Принесли ключи. И вот она — комната с экспозицией, посвящённой работам русских художников XVIII–XX веков. Первое, что бросается в глаза, — картина В.И. Сурикова на сюжет из IX главы Евангелия от Иоанна «Исцеление слепорождённого». Тут же картина А.П. Рябушкина «Благословляющий Христос Спаситель», этюды В.М. Васнецова «Богоматерь с младенцем Христом», М.В. Нестерова «Портрет священника», В.Д. Поленова «Христос Спаситель» и многие другие. И, наконец, она — цель моей поездки.
На этом стенде восемнадцать икон в четыре ряда.
В верхнем правом углу вторая справа — икона Г. Журавлёва «Святой Лев — папа римский».
Изображение выполнено на доске около трёх сантиметров толщиной. Мягкий коричневый цвет и бледные розово-голубые тона на нежном сером фоне. Икона не теряется в ряду работ знаменитых авторов. Более того, она не отпускает от себя и притягивает своей проникновенностью и тонким лиризмом.
Икона основательно прикреплена к стене. Поэтому я не мог осмотреть обратную сторону её. Но брат Тимофей заверил, что, как только время позволит, либо он, либо отец Николай икону снимут. Текст, который там есть, перепишут и пришлют мне в письме.

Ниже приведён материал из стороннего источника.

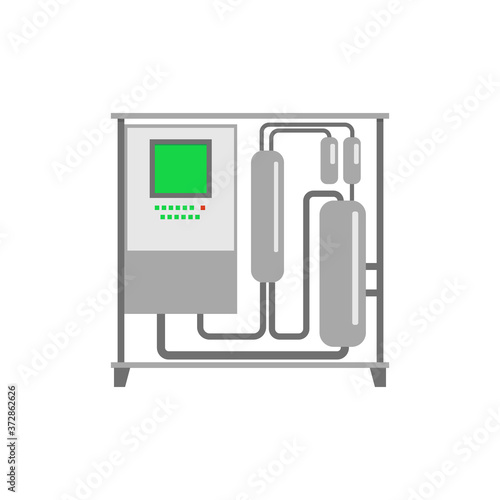 Winery and winemaking industry equipment flat vector Illustration isolated.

Внезапно появился отец Николай, уже в церковной одежде, возглавляя внеплановую экскурсию. Я видел, с каким неподдельным интересом люди смотрели на икону Журавлёва. Так же, как и я, по нескольку раз возвращались к ней взглядами.
Огорчило одно: очевидная скудность информации о Григории Журавлёве, которой владели в кабинете. Насколько мог, я постарался восполнить это, рассказав некоторые подробности из биографии художника. Передал его фотографию.

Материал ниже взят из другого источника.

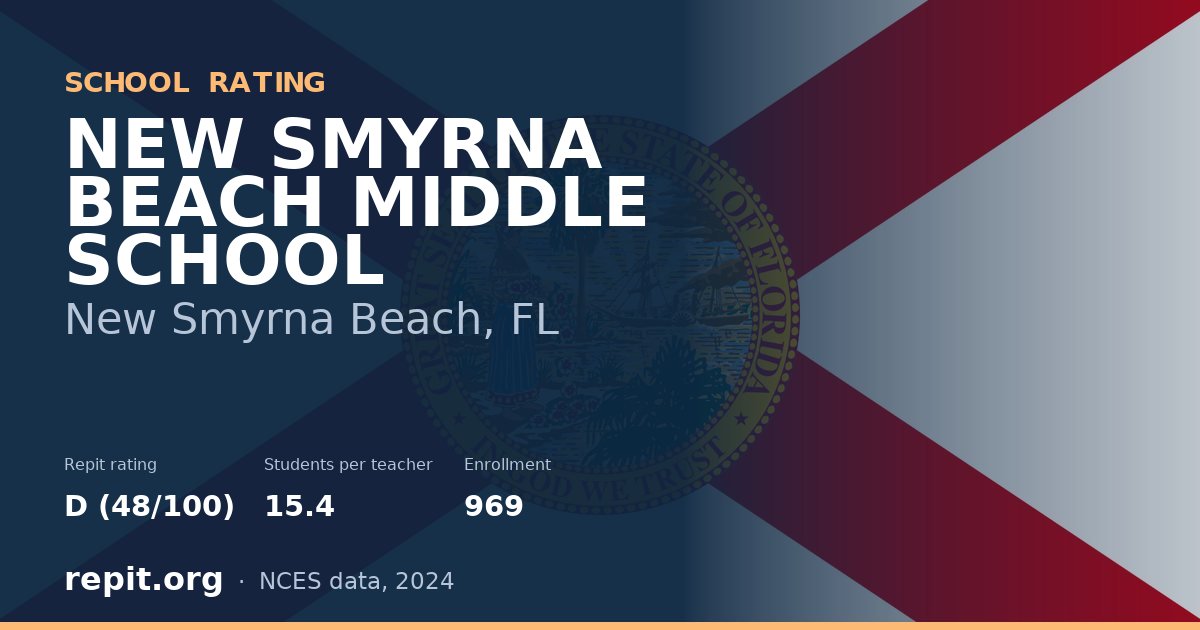 NEW SMYRNA BEACH MIDDLE SCHOOL, New Smyrna Beach, FL — Repit school rating D (48/100)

…Освободившийся, наконец, протоиерей Николай Резухин пригласил меня к себе и я увидел и услышал живого обаятельного человека.
В довершение всего, узнав, что я вечером еду в Самару, меня накормили в студенческой столовой при Академии. Прощаясь, мы обменялись адресами, обещая сообщать друг другу о новых находках, которые будут касаться моего земляка-художника.

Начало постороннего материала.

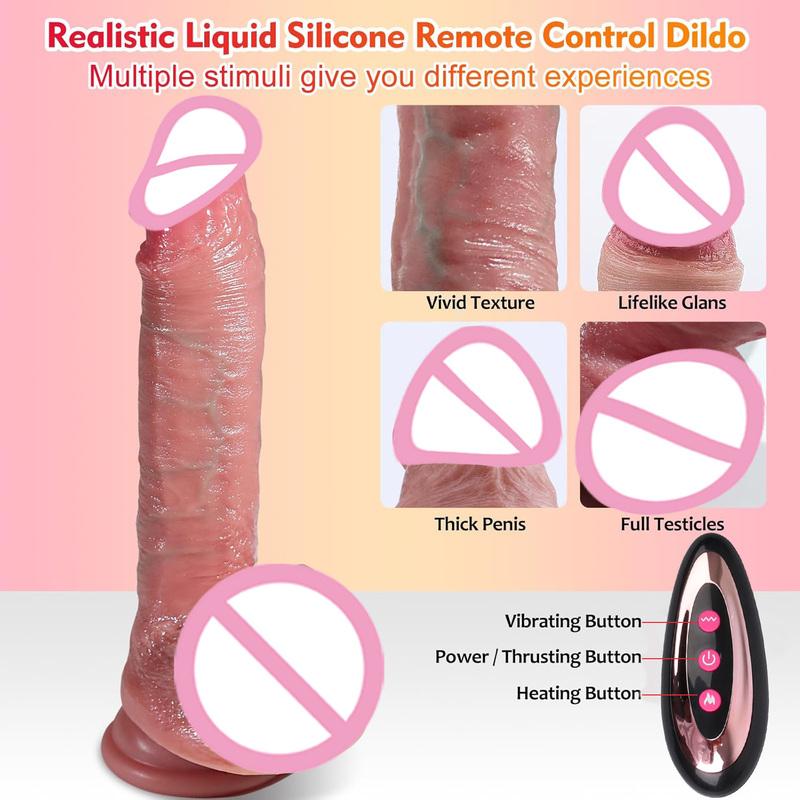 Remote Control Realistic Dildo for Women Soft Silicone Penis Anal Sex Toy Heating Thrusting Vibrating Female Vaginal Masturbator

Не хотелось уходить. Вместе с братом Тимофеем я побывал на прощание на молебне и поставил свечи за упокой души всех умерших своих ближайших родственников, которых помнил, поимённо написав их имена на бумаге. И отчего-то, когда я вышел из монастырских стен и шёл к электричке, всё казалось мне, что кто-то: то ли помянутые мною родственники из моего далёкого далека, то ли чей-то иконный лик, большой и невидимый, — освещал мне путь добрым и тёплым светом…
…И за всё это, за радостную встречу, приблизившую меня к моим предкам и ко всему русскому, я был благодарен земляку Григорию Журавлёву, заставившему по-новому взглянуть в гулкое наше прошлое.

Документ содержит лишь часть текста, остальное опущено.